Monday, March 16, 2015

GLOBAL CORPORATIONS, PRIVATE GOVERNMENTS, AND DECLINE OF THE NATION-STATE

Franklin Foer, ed., Insurrections of the Mind: 100 Years of Political and Culture in America (New York: HarperCollins, 2014).

This is a collection of pieces from The New Republic. As the collection's editor notes, this "is more than the greatest hits of he magazine. [] It was put together in the spirit of the magazine that it anthologizes: it is an argument about what matters." Id. at xxvi-xxvii. Due to my being in the process of putting together a course on International Trade Law to teach next fall, thinking about International Law generally, and regularly teaching Corporation Law (or Business Organizations), a passage from Hans J. Morgenthau's November 9, 1974 piece, "Power and Powerlessness: Decline of Democratic Government," struck a note.

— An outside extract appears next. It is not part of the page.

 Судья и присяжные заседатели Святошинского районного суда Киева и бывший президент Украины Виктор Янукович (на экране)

Perhaps Citizens United is also in the back of my mind.

"It has become trivial to say--because It is so obvious and has been said so often--that the modern technologies of transportation, communication and warfare have made the nation-state, as principle of political organization, as obsolete as the first industrial revolution of the steam engine did feudalism. While the official governments of the nation-states go through their constitutional motions of governing, most of the decisions that affect the vital concerns of the citizens are rendered by those who control these technologies, their production, their distribution, their operation, their price. The official governments can at best marginally influence these controls, but by and large they are compelled to accommodate themselves to them. They are helpless in the face of steel companies raising the price of steel or a union's striking for and receiving higher wages. Thus governments, regardless of their individual peculiarities, are helpless in the face of inflation; the relevant substantive decisions are not made by them by by private governments whom the official governments are unwilling or unable to control. Thus we live, as was pointed out long ago, under the rule of a 'new feudalism' whose private governments reduce the official ones to a largely marginal and ceremonial existence.

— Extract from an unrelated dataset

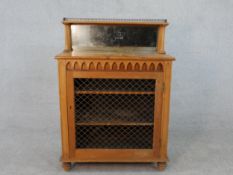 A mid 19th century pine pier cabinet with raised and glazed superstructure with original plate above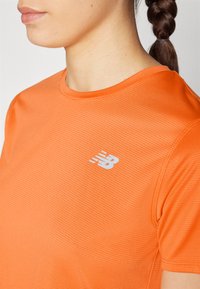 Oranžna športna majica iz teksturiranega materiala. Ima okroglo ovratnico in belo New Balance logo na levi strani prsnega koša.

"The global corporation (misnamed 'multinational' is the most stroking manifestation of this supercession of national governments not only in  their functional but territorial manifestations, For while the territorial limits of the private governments of the 'new feudalism,' as first perceived about two decades ago, still in great measure coincide with those of the nation-state, it is a distinctive characteristic of the global corporation that its very operations reduce those territorial limits to a functional irrelevancy.

"The governments of the modern states are not only, in good measure, unable to govern, but where they still appear to govern (and appearances can be deceptive) they are perceived as a threat to the welfare and very existence of their citizens. [] For it is the great political paradox of our time that a government, too weak to control the concentrations of private power that have usurped much of the substance of its power, has grown so powerful as to reduce the citizens to impotence."

Id. at 243, 247-248. Anyway, this is a very worthwhile anthology to read reflectively. It provides an opportunity to appreciate the changing face of 'American Liberalism,' in a world that has greatly change but, unfortunately, has remained the same.